**YOUR OBJECTIVE:**
Could you print the listing again exactly, omitting the pictures?

**RECORDS SHOWN:**
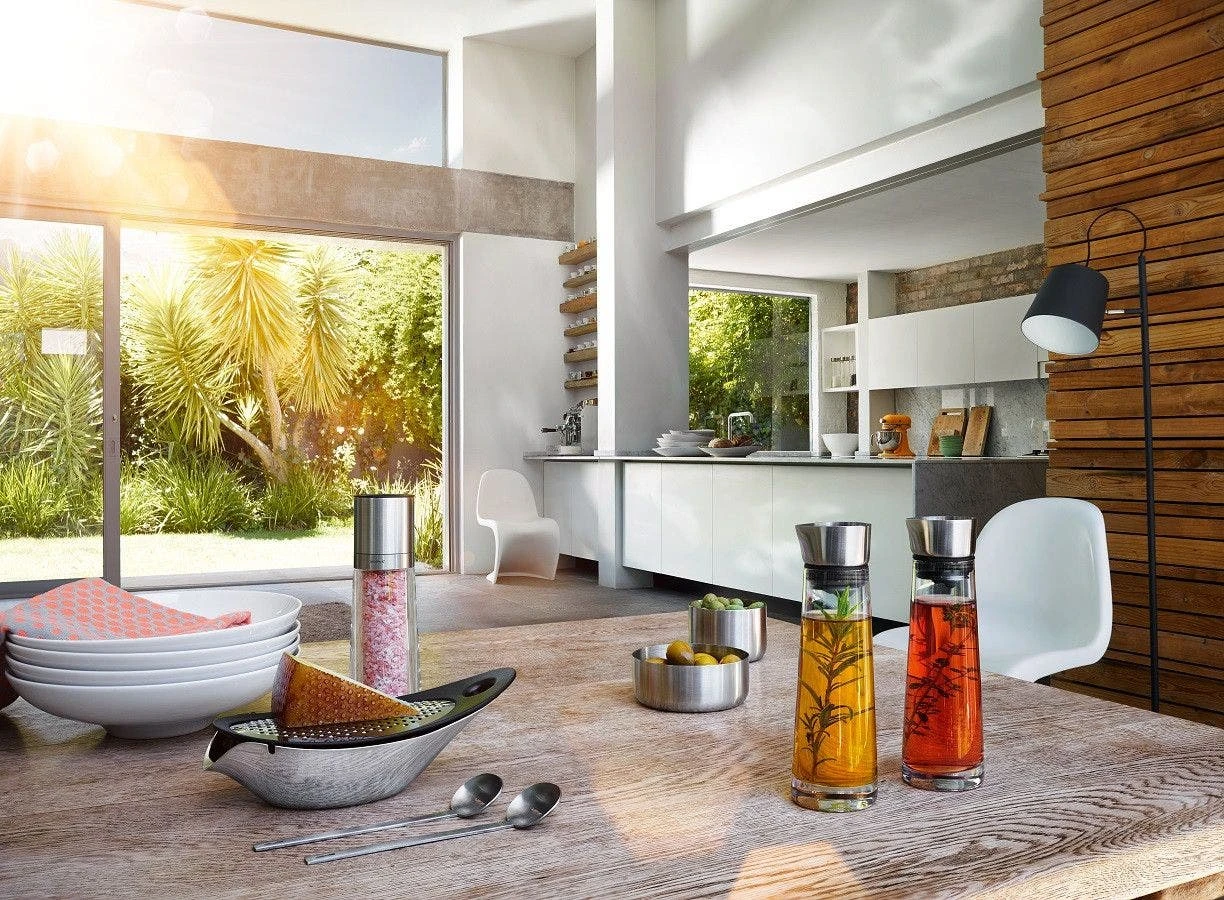 Blomus Alinjo Oil And Vinegar Glass Set 3 Blomus Alinjo Oil And Vinegar Glass Set - Image 3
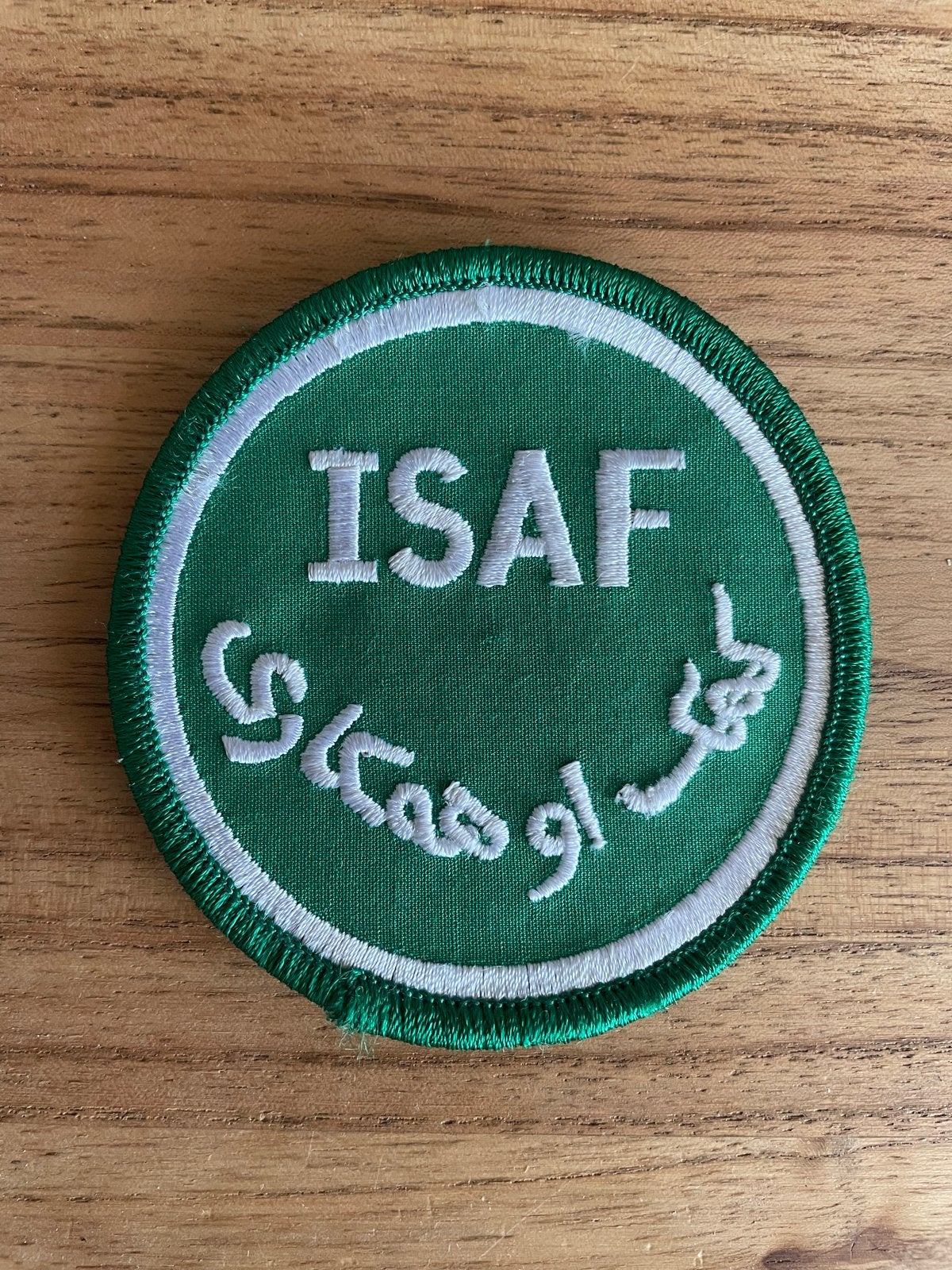 ISAF Embleem / Badge - Groen met Witte Letters, Ophalen of Verzenden, Overige soorten, Overige gebieden, Embleem of Badge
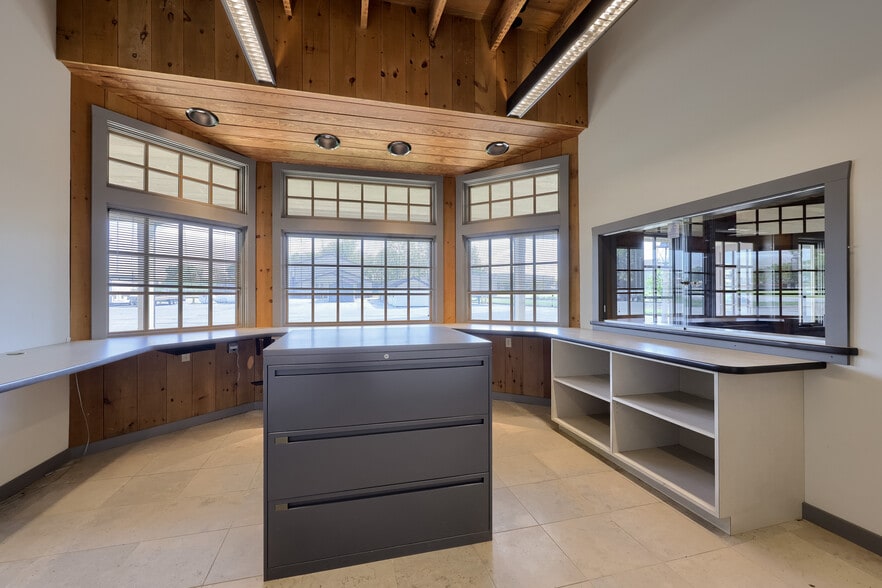 More Photos Of 709 Hartman Station Rd, Lancaster Loft Creative Space For Lease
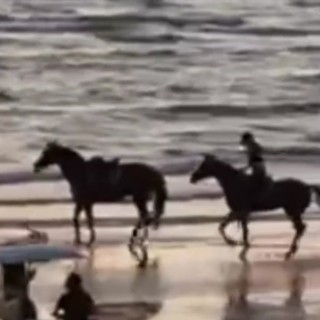 Paura per Belen Rodriguez, rovinosa caduta da cavallo sulla spiaggia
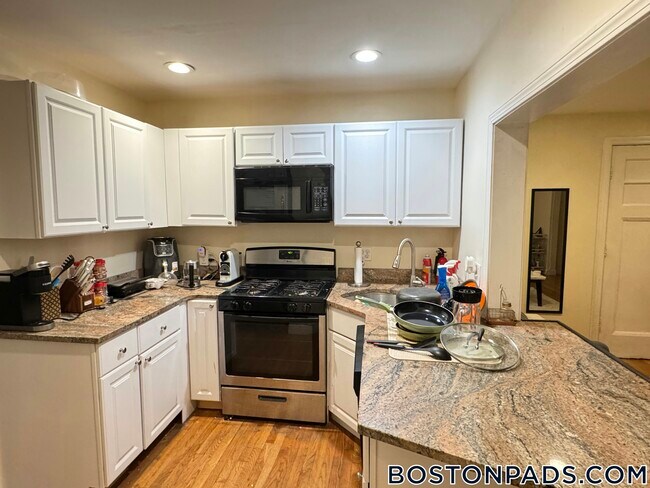 Building Photo - 62 Egmont St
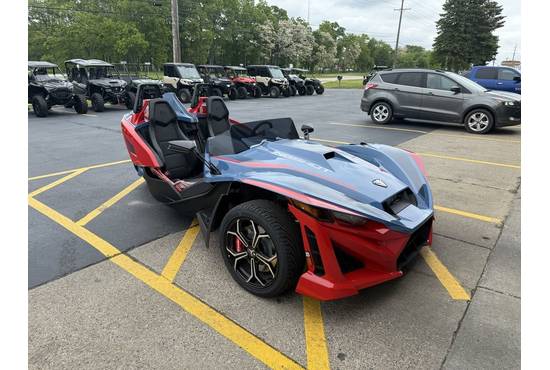2025 slingshot® r (autodrive)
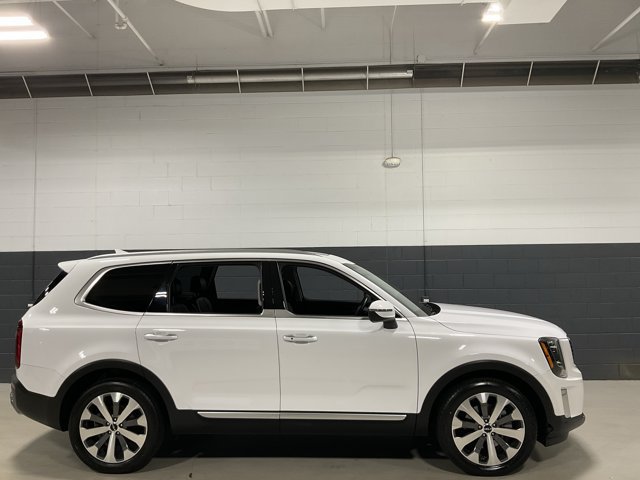 Used 2022 Kia Telluride S FWD image 4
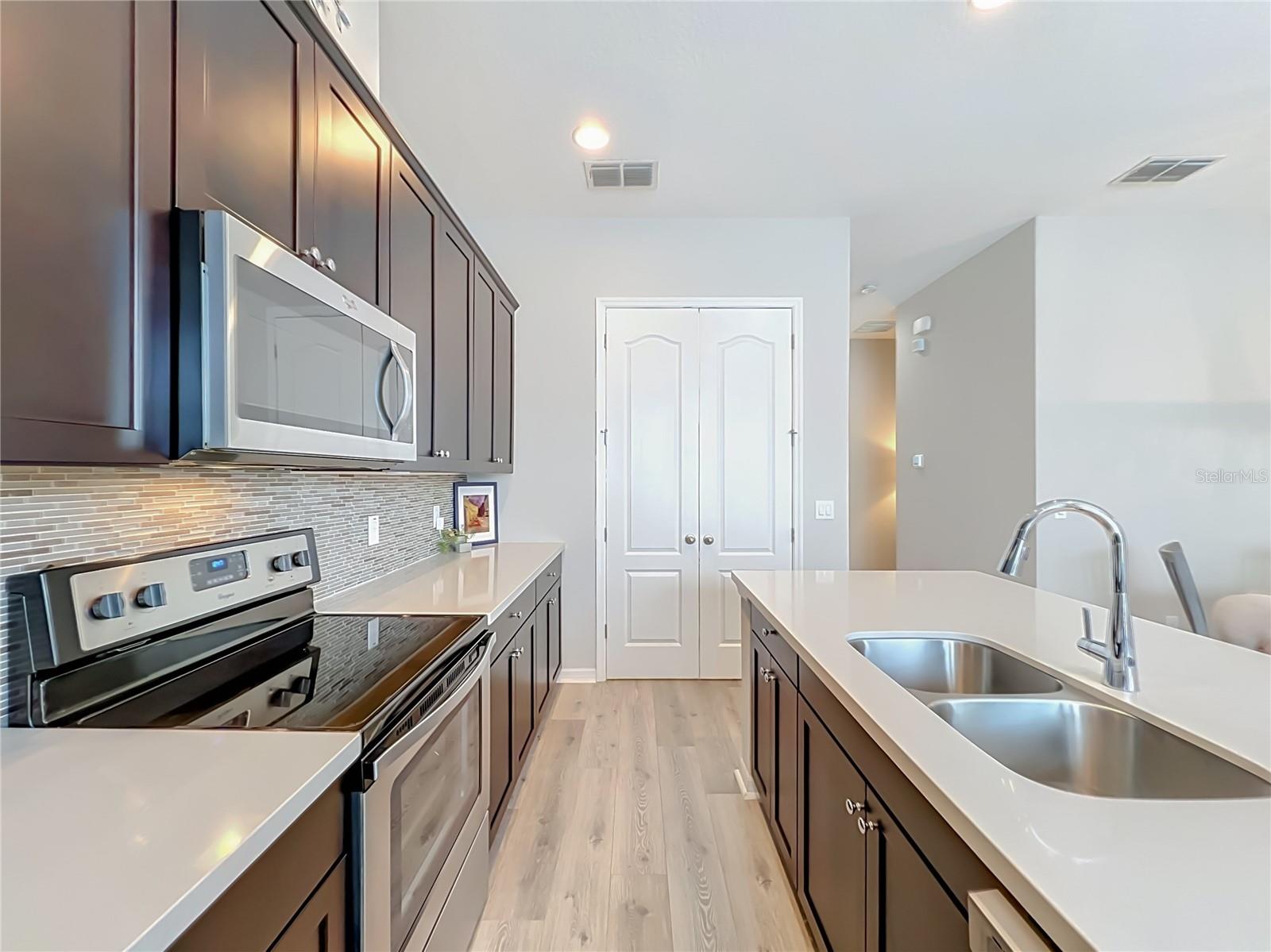 HAMPTONS - SECOND REP - Residential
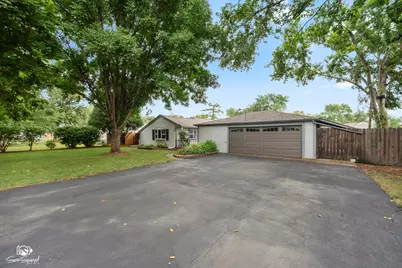 172 Lawton Lane, Bolingbrook, IL 60440 - Photo 2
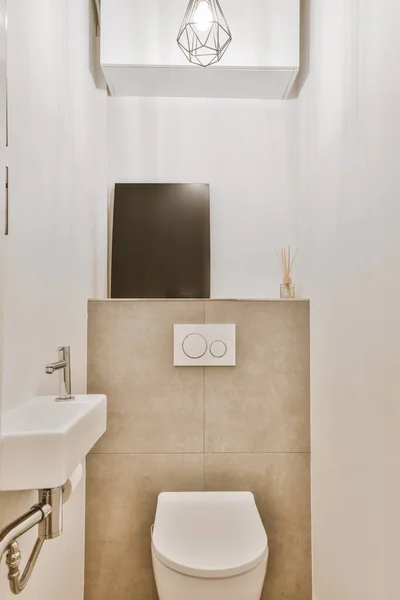 Schöne Toilette mit einem Regal — Stockfoto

**OUTPUT OF THE TASK:**
 Blomus Alinjo Oil And Vinegar Glass Set 3 Blomus Alinjo Oil And Vinegar Glass Set - Image 3
 ISAF Embleem / Badge - Groen met Witte Letters, Ophalen of Verzenden, Overige soorten, Overige gebieden, Embleem of Badge
 More Photos Of 709 Hartman Station Rd, Lancaster Loft Creative Space For Lease
 Paura per Belen Rodriguez, rovinosa caduta da cavallo sulla spiaggia
 Building Photo - 62 Egmont St
2025 slingshot® r (autodrive)
 Used 2022 Kia Telluride S FWD image 4
 HAMPTONS - SECOND REP - Residential
 172 Lawton Lane, Bolingbrook, IL 60440 - Photo 2
 Schöne Toilette mit einem Regal — Stockfoto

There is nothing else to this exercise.